_Task statement:_ With the line containing "thumbnail image 1" as the start and the line containing "エレガントな25周年パーティー招待状 招待状 (スタンド正面)" as the end, transcribe that span of the entries below exactly, including both.

___ Recorded information

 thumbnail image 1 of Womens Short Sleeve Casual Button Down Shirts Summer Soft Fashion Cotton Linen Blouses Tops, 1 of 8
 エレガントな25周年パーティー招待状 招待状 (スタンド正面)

______
___ Recorded information

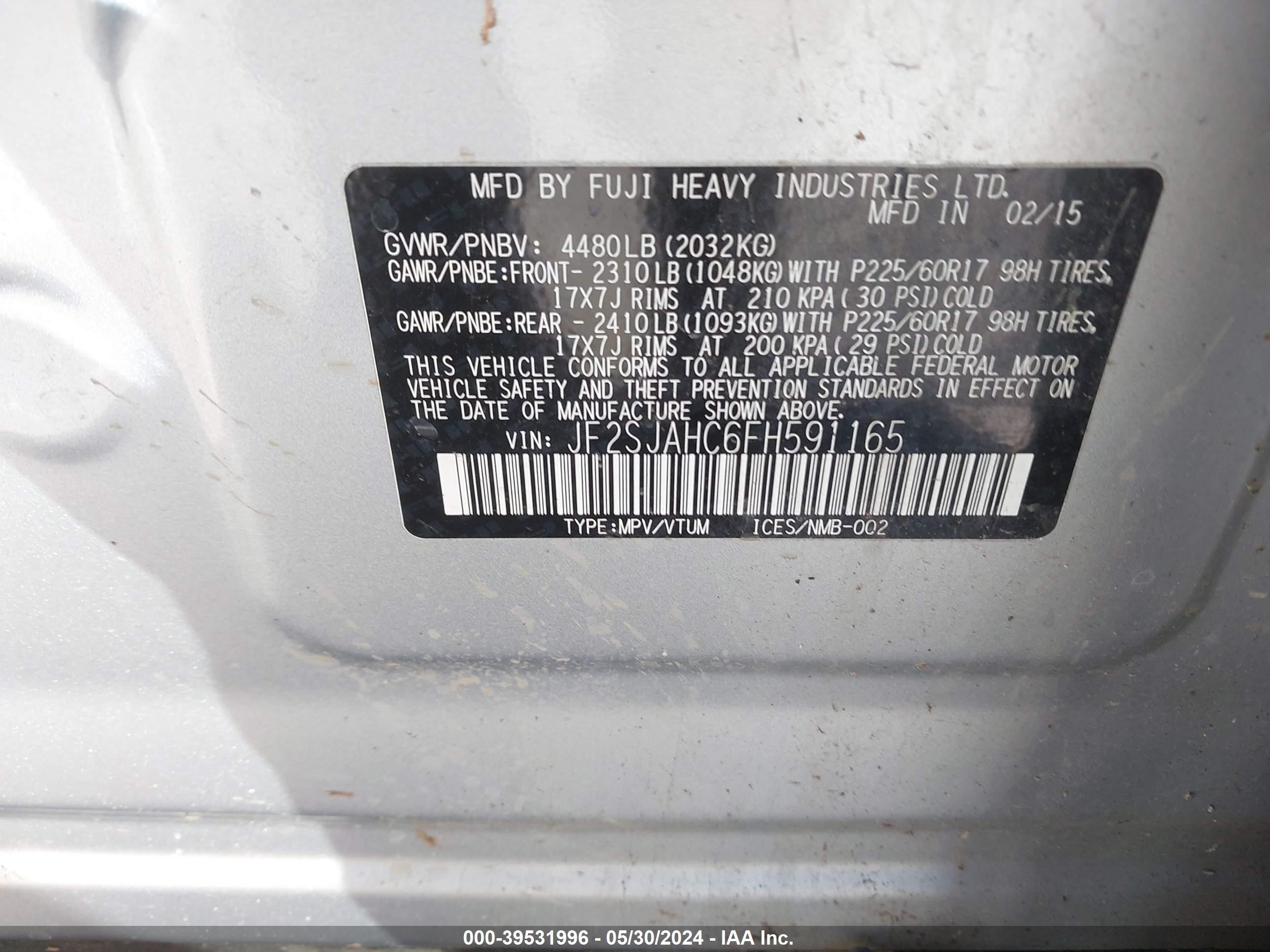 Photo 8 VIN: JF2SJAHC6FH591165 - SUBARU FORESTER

______

_Written answer:_
 thumbnail image 1 of Womens Short Sleeve Casual Button Down Shirts Summer Soft Fashion Cotton Linen Blouses Tops, 1 of 8
 エレガントな25周年パーティー招待状 招待状 (スタンド正面)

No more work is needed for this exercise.